This week we look at a plot from a recently submitted HOYS paper. In the paper we determine the properties of star spots on young stellar objects in the Pelican Nebula. This is based on the amplitude of variability in the HOYS light curves in the V, R, and I filters. We assume that there is only one single spot on the star that rotates in and out of view due to the stellar rotation and thus causes the observed brightness variations. There are ‘imposters’ that can mimic a similar behaviour and the paper discussed how we identify those. The plot is quite busy. Hence, lets have a look at the details step by step.

We show the spot coverage on the x-axis against the K-W2 colour of the star on the y-axis. The coverage is the fraction the spot covers on the visible surface. Thus, 0.2 means that 20% of the visible surface, or 10% of the entire star are covered by the spot. It is immediately apparent that the spots on young stars are much larger than the sunspots – they typically cover 0.01% of the visible surface. The size of the plotted symbols is also set to be proportional to the spot coverage.

The spot temperatures are indicated by the colour of the symbols. The scale is shown on the right hand side. It shows the temperature difference of the spot and the stellar surface. Thus, blue symbols indicate hot spots, and red symbols show the cold spots. It is evident that the majority of the spots we have found are cold spots – which are similar in their nature (just larger) to the above mentioned sunspots. The hot spots are usually caused by shocks on the stellar surface when material falling (accreting) from the disk onto the star crashes into the star at high velocities.

The K-W2 colour is the magnitude difference of the star measured between 2micron (K) and 5micron (W2). Normal stars have very small such colours, and the K-W2 colour is typically used to identify stars that have a hot inner accretion disk. In other words, if a young star has a disk that extends close to the star, and is hence quite hot (up to ~1500K), then the K-W2 colour increases due to the increased emission in W2 compared to K from the disk material. Typically a colour of 0.5mag or larger is used to identify objects with inner disks (dashed horizontal line).

There are other ways to identify disks around the stars, which use even longer wavelengths data. If this data is available with sufficient quality (high accuracy) for a star, the symbols are circles, otherwise squares. For the good data (circles) we highlight the objects with disks by a black ring around the symbol. As one can see, with the exception of two small hotspots and one cold spot, all the stars do have a disk – which is what is to be expected based on the age (1 million years) of the stars in this cluster.
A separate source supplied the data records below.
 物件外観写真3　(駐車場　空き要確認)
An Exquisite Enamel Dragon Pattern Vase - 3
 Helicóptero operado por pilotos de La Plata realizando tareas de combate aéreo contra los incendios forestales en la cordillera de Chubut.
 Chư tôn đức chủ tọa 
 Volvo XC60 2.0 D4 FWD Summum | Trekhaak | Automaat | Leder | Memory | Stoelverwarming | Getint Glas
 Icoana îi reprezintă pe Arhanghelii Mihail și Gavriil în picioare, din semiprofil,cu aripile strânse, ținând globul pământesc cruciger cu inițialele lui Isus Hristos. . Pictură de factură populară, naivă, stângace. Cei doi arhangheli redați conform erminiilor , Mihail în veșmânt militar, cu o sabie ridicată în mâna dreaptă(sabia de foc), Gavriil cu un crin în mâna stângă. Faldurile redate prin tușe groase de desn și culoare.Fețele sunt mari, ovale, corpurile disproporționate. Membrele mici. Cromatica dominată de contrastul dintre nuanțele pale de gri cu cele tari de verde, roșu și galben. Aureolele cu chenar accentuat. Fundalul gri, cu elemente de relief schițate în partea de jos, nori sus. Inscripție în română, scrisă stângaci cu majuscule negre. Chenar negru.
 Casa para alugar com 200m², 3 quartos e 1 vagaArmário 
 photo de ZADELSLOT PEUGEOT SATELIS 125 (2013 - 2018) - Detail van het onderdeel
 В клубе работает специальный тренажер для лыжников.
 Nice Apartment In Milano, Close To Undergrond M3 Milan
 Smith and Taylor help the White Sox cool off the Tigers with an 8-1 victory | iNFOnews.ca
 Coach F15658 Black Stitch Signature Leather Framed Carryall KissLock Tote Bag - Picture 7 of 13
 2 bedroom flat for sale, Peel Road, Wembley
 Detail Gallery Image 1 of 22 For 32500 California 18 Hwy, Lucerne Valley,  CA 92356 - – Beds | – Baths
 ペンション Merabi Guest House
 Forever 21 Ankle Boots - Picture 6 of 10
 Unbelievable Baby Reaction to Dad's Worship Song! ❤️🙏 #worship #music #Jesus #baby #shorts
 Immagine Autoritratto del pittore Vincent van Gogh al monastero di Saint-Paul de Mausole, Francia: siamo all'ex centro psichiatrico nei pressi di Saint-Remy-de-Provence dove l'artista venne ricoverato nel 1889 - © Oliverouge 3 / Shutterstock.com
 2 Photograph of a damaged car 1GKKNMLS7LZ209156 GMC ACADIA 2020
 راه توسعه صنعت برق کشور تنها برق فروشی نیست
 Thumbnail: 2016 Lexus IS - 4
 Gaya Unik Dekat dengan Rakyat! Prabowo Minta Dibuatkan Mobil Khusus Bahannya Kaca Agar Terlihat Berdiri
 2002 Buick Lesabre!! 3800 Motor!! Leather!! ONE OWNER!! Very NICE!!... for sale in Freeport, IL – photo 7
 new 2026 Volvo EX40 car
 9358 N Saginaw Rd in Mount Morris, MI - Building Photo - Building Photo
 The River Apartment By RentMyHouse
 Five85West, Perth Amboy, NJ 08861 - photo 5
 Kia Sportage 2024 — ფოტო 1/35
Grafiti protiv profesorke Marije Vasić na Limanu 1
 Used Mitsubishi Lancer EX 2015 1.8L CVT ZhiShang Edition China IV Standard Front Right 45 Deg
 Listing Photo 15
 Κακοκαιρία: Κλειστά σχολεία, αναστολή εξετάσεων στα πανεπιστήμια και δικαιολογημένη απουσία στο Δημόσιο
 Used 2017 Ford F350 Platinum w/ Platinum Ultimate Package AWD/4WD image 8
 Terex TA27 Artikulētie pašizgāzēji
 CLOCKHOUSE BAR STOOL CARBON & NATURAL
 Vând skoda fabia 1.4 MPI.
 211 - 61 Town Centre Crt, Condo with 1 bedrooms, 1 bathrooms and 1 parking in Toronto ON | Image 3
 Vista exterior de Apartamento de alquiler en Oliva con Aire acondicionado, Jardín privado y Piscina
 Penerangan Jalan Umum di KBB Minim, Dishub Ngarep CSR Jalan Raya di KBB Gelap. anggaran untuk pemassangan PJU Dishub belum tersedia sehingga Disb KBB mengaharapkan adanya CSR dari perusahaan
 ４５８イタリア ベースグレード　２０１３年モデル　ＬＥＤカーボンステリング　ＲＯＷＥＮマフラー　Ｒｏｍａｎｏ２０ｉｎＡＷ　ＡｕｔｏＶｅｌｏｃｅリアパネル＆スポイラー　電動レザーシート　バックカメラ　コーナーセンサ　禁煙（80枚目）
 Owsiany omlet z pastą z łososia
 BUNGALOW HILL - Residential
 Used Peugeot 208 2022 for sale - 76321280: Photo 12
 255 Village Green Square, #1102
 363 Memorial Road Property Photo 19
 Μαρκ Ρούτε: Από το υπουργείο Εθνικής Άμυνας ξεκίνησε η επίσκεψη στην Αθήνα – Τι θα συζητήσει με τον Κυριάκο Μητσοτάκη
There are a few interesting things we find: There are very few hot spots, despite the fact that all stars have disks and should hence have some form of mass accretion. But, this process is typically not stable over a long time. Thus, hot spots do appear and disappear on short timescales (days) and hence such objects do not show nice periodic light curves. The cold spots, however, typically are stable over longer times (weeks – months) and can be identified much easier. Furthermore, there are a few objects with hot spots that seem to have no disk. Either, the disks in those cases are very low mass, and hence are not detectable in the colours, or these hot spots have a different origin. There are hot spots on the Sun, called plage, which might also be present on these young stars.